--- Problem details ---
Output the full listing below exactly, without the pictures.

((

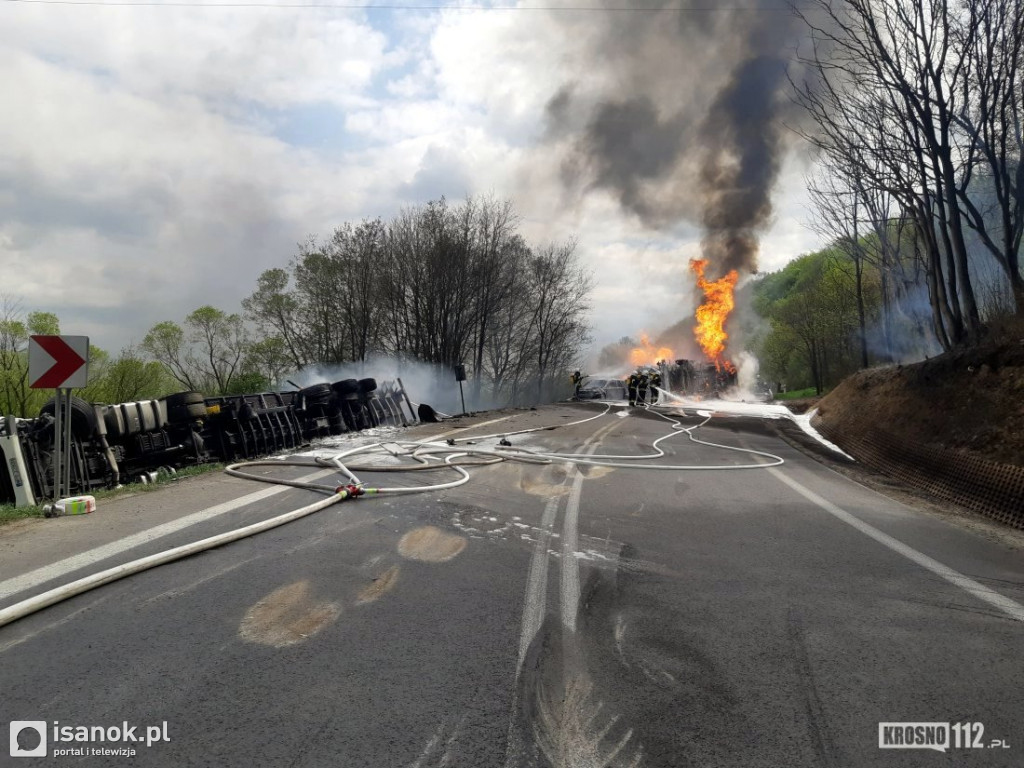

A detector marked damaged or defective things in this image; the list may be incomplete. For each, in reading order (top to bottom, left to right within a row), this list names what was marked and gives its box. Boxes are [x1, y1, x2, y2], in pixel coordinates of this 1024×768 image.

overturned tanker truck [1, 378, 416, 510]
burned vehicle wreckage [1, 380, 416, 510]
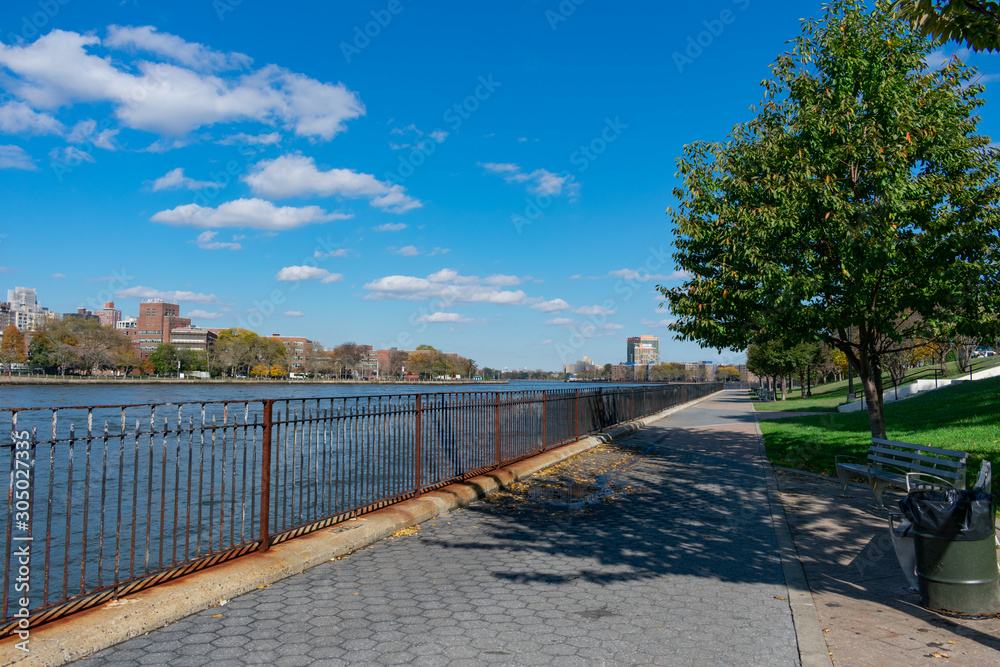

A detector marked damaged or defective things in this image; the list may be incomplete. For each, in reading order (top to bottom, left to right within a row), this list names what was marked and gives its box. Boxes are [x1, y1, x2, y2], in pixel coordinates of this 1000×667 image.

rusty metal railing [0, 384, 720, 636]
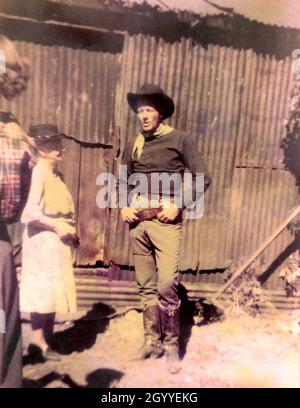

))

--- Your solution ---
A detector marked damaged or defective things in this image; the list may be incomplete. For each, in reading order (top to bottom, left to right within a row), this list names what was marked and gives its box. Boxes are [x1, y1, x2, y2], in pixel coordinates of this 1024×768 image.

overturned tanker truck [1, 378, 416, 510]
burned vehicle wreckage [1, 380, 416, 510]

A detector marked damaged or defective things in this image; the list may be incomplete. For each, in reading order (top to bottom, left to right within a row), this list names what was marked and gives its box. Boxes are [x1, y1, x2, y2], in pixel coordinates of this 1000×667 image.

rusty metal railing [0, 384, 720, 636]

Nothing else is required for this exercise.